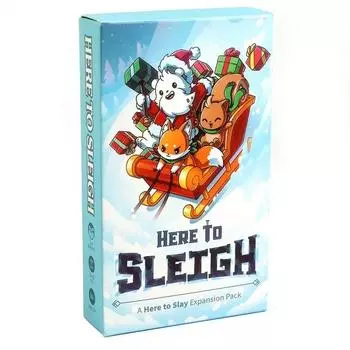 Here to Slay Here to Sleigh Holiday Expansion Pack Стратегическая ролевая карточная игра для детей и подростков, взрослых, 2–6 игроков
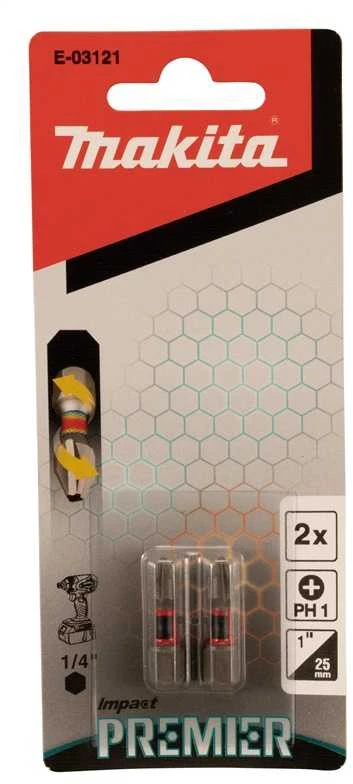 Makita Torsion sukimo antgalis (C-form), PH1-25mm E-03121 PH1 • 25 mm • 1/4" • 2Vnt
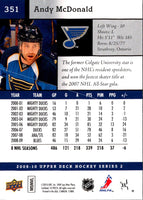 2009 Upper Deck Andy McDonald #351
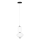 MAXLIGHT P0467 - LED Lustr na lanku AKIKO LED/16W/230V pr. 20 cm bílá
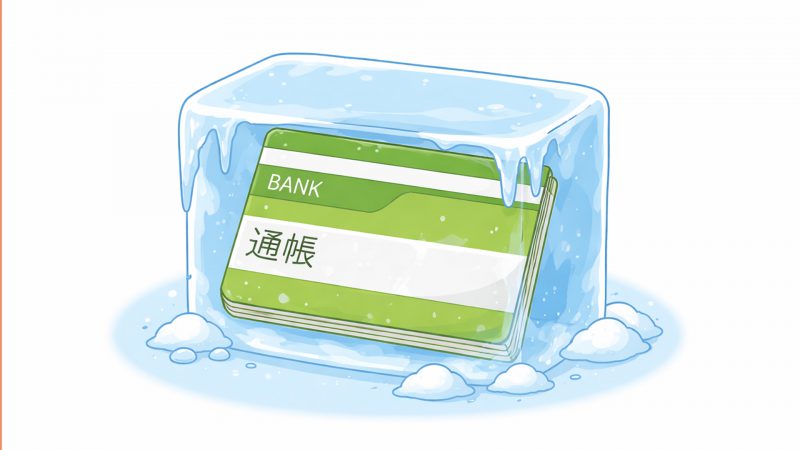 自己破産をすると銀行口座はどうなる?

» **ACTIVITY**
With the pictures left out, transcribe exactly the lines from the line holding "MAXLIGHT P0467 - LED" through the closing line of the entries.

» **EXERCISE RESULT**
 MAXLIGHT P0467 - LED Lustr na lanku AKIKO LED/16W/230V pr. 20 cm bílá
 自己破産をすると銀行口座はどうなる?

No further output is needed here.